*Provided information*
--
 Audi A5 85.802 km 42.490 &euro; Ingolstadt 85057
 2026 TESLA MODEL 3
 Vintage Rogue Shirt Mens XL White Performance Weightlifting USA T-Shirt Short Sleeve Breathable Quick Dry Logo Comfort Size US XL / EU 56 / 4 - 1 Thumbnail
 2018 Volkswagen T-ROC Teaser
--
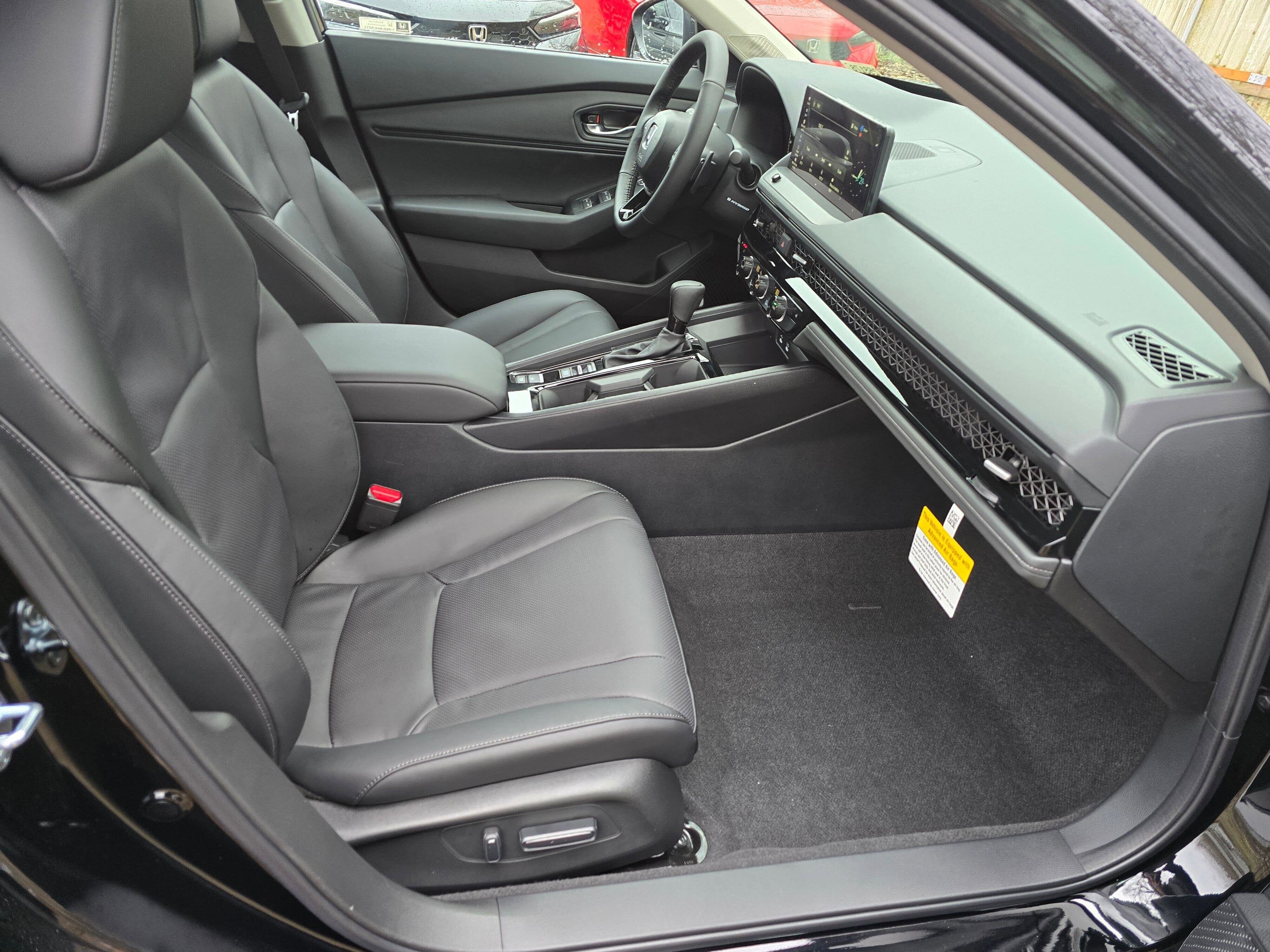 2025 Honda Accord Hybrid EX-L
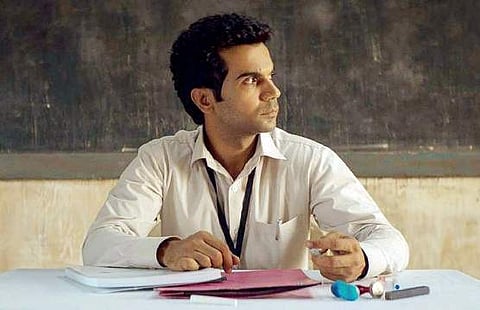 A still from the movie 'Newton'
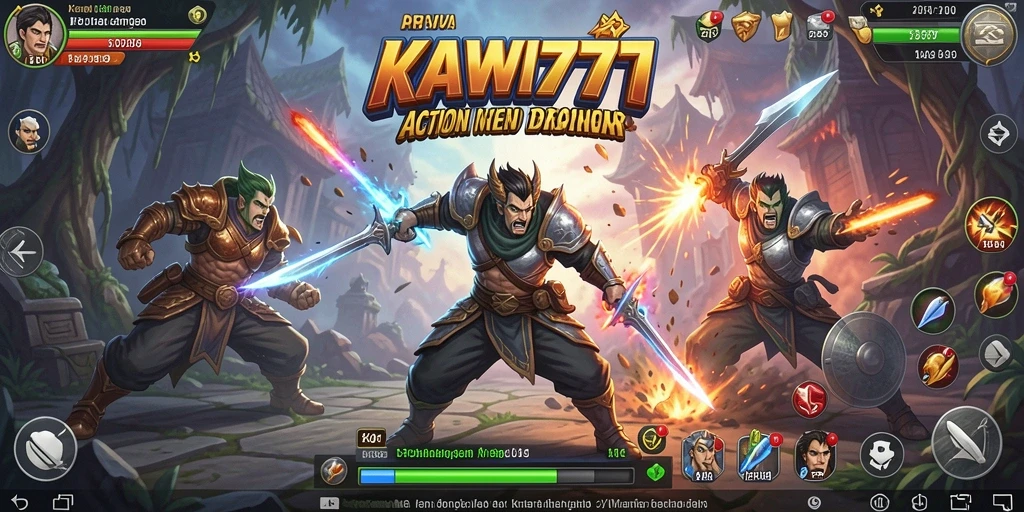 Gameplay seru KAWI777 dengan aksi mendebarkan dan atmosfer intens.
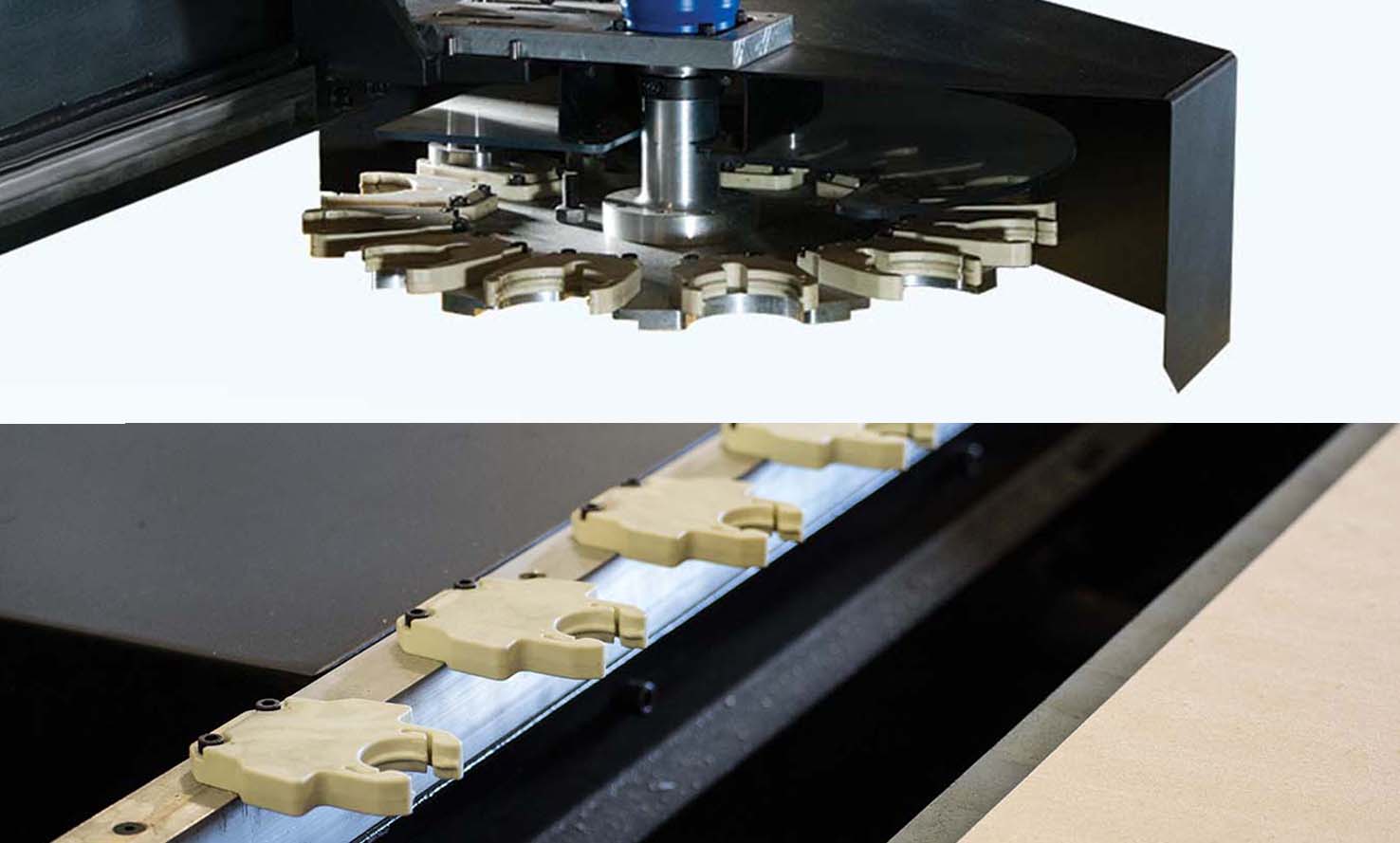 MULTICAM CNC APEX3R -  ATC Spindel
--
*Task prompt*
Within the listing above, the stretch from the line with "A still from the movie 'Newton'" down to the line with "MULTICAM CNC APEX3R" is to be given again exactly, end lines included and pictures excluded.

*Response for this exercise*
 A still from the movie 'Newton'
 Gameplay seru KAWI777 dengan aksi mendebarkan dan atmosfer intens.
 MULTICAM CNC APEX3R -  ATC Spindel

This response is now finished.